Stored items
= = = =
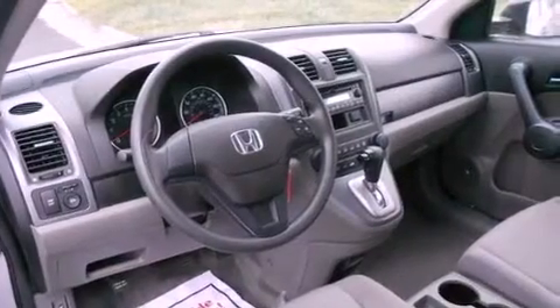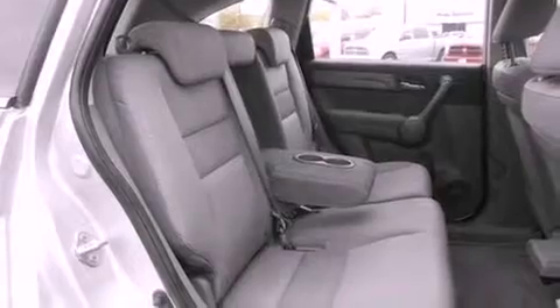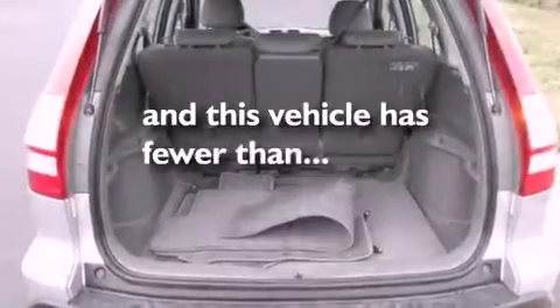It also has a passenger side vanity mirror, an anti-lock braking system, side impact airbags, a split folding rear seat, and this vehicle has fewer than 50,000 miles on the odometer.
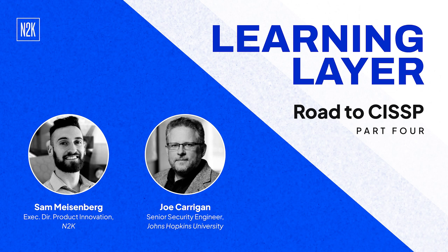Welcome back to another Learning Layer segment. We are continuing our conversation with Joe Kerrigan as he gets geared up for his CISSP. Where we left things is that Joe took the diagnostic, got the results, talked a little bit about them, and went deep into one of the questions. Now the question is: what do you do next? You have all this data — now you've got to study.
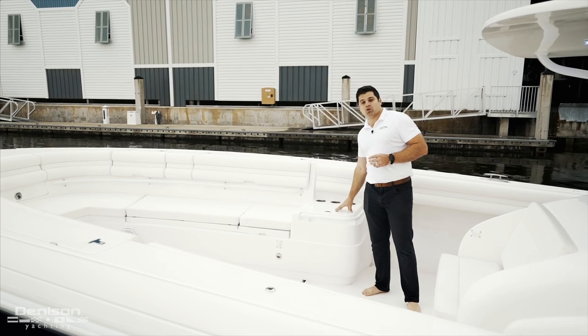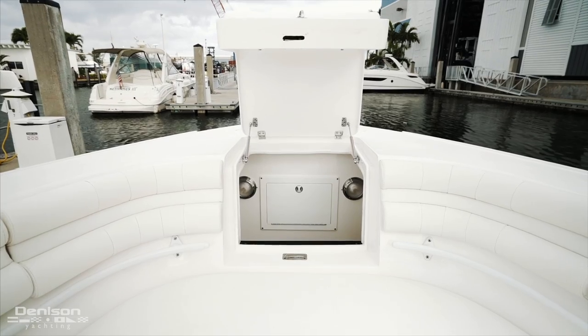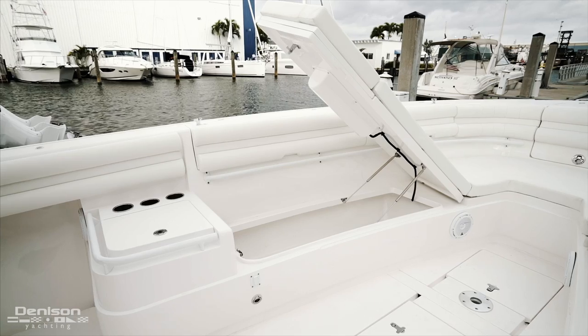Here at the bow, we have your insulated cooler boxes, forward seating with electric backrests, and forward is your watertight storage. Wrapping around the foredeck, we have in-gunnel storage as well as additional storage below the seats.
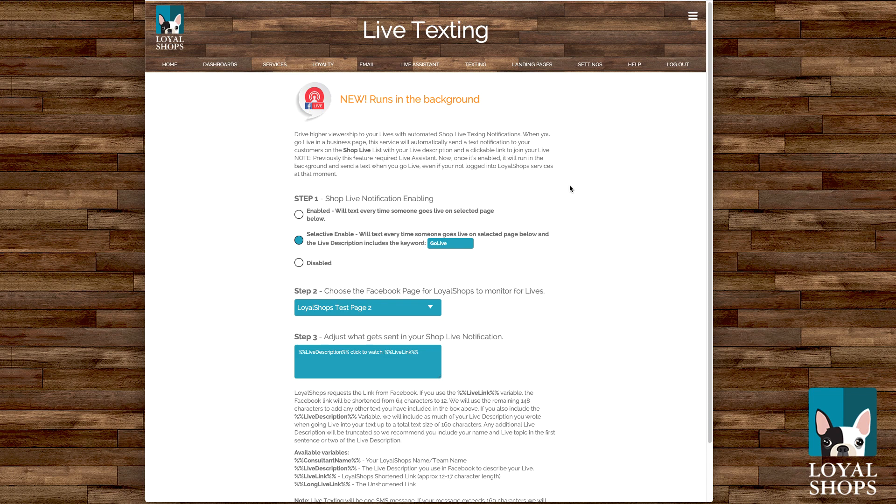Let me walk you through how it works. It runs in the background — you don't have to worry about it. You just go live and we take care of the text. I think that's going to be really cool for people. It's got three ways for you to enable or disable it.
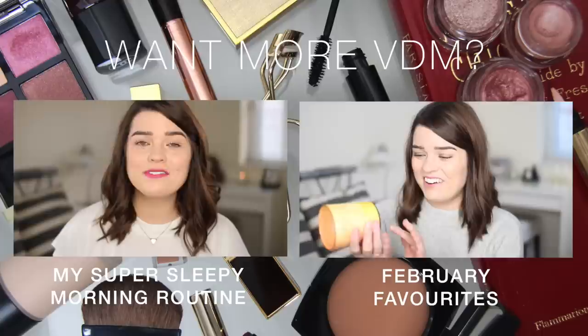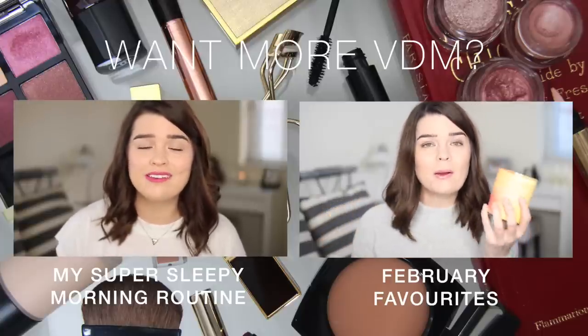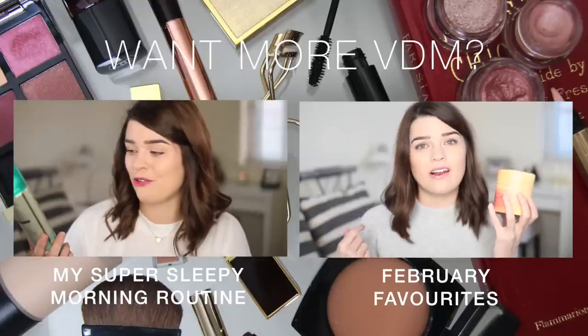Thank you so much for watching. I hope you enjoyed this little trawl through my Boots bag — some old bits, some new bits, some exciting bits, some not so exciting bits, but that's what Boots is all about. You can't go there and not pick up cotton wool. Keep your eyes out because on Wednesday there might be a weekly vlog. I hope you have a good rest of your Sunday, and I will see you then. Bye!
= = = =
Brief:
Please restate the lines above exactly, starting at the first line of the data and stopping at the line containing "Here at the", which is included. Omit pictures.

Result of this exercise:
It also has a passenger side vanity mirror, an anti-lock braking system, side impact airbags, a split folding rear seat, and this vehicle has fewer than 50,000 miles on the odometer.
Welcome back to another Learning Layer segment. We are continuing our conversation with Joe Kerrigan as he gets geared up for his CISSP. Where we left things is that Joe took the diagnostic, got the results, talked a little bit about them, and went deep into one of the questions. Now the question is: what do you do next? You have all this data — now you've got to study.
Here at the bow, we have your insulated cooler boxes, forward seating with electric backrests, and forward is your watertight storage. Wrapping around the foredeck, we have in-gunnel storage as well as additional storage below the seats.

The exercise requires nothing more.